[Exercise]: Find the line with "SKB NP-80彩色鉛筆12色(外盒顏色隨機出貨)" in the entries below. Repeat it, every following line, and the line with "Croft & Barrow", exactly and with nothing added.

[Provided material]:
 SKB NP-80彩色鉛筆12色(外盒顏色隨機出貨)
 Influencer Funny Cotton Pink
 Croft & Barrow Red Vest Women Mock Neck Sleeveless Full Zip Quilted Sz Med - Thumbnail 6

---

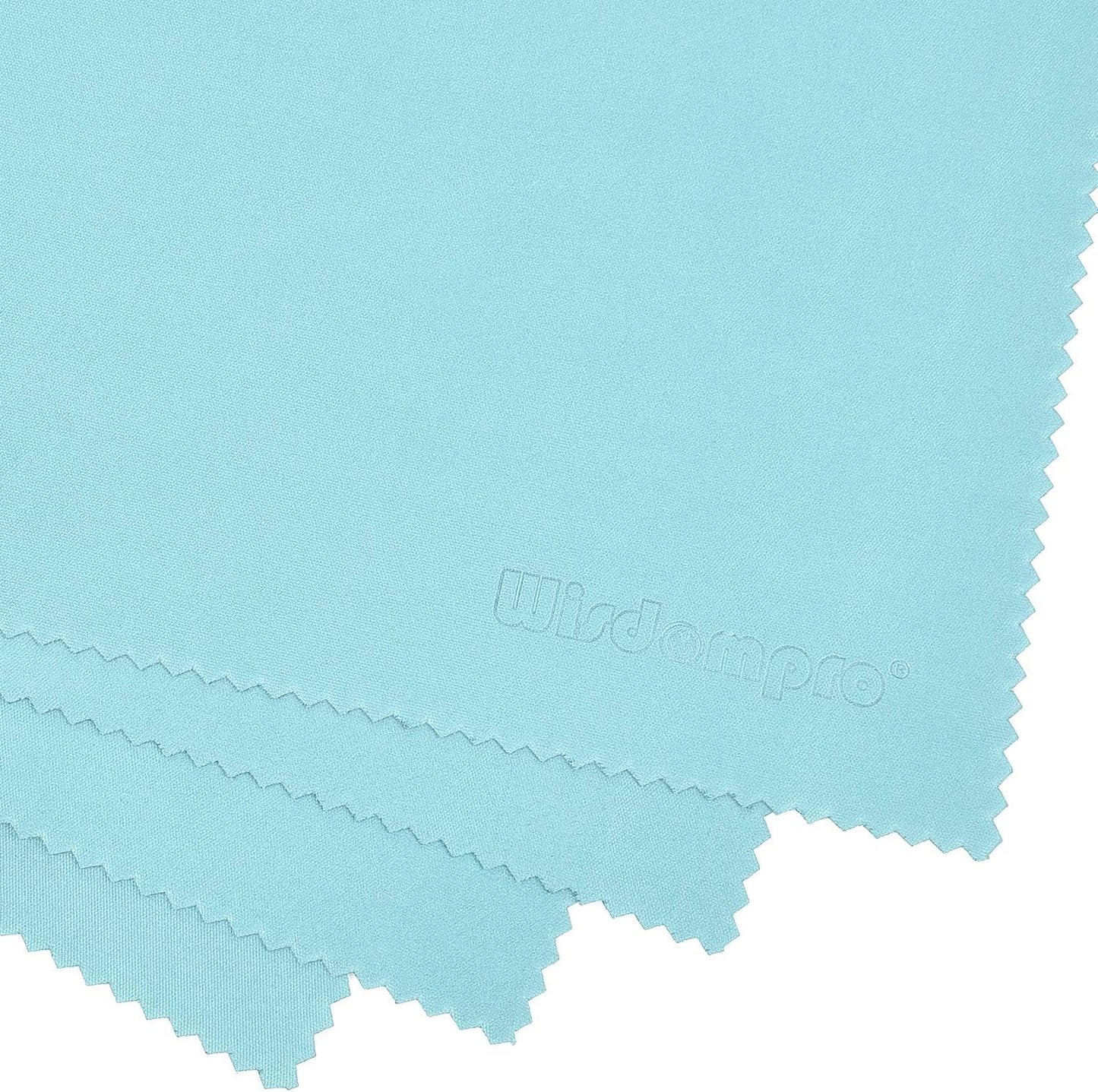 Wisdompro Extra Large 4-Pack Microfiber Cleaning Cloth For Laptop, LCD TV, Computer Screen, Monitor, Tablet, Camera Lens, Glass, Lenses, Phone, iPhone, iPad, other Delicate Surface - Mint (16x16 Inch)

[Solved problem]:
 SKB NP-80彩色鉛筆12色(外盒顏色隨機出貨)
 Influencer Funny Cotton Pink
 Croft & Barrow Red Vest Women Mock Neck Sleeveless Full Zip Quilted Sz Med - Thumbnail 6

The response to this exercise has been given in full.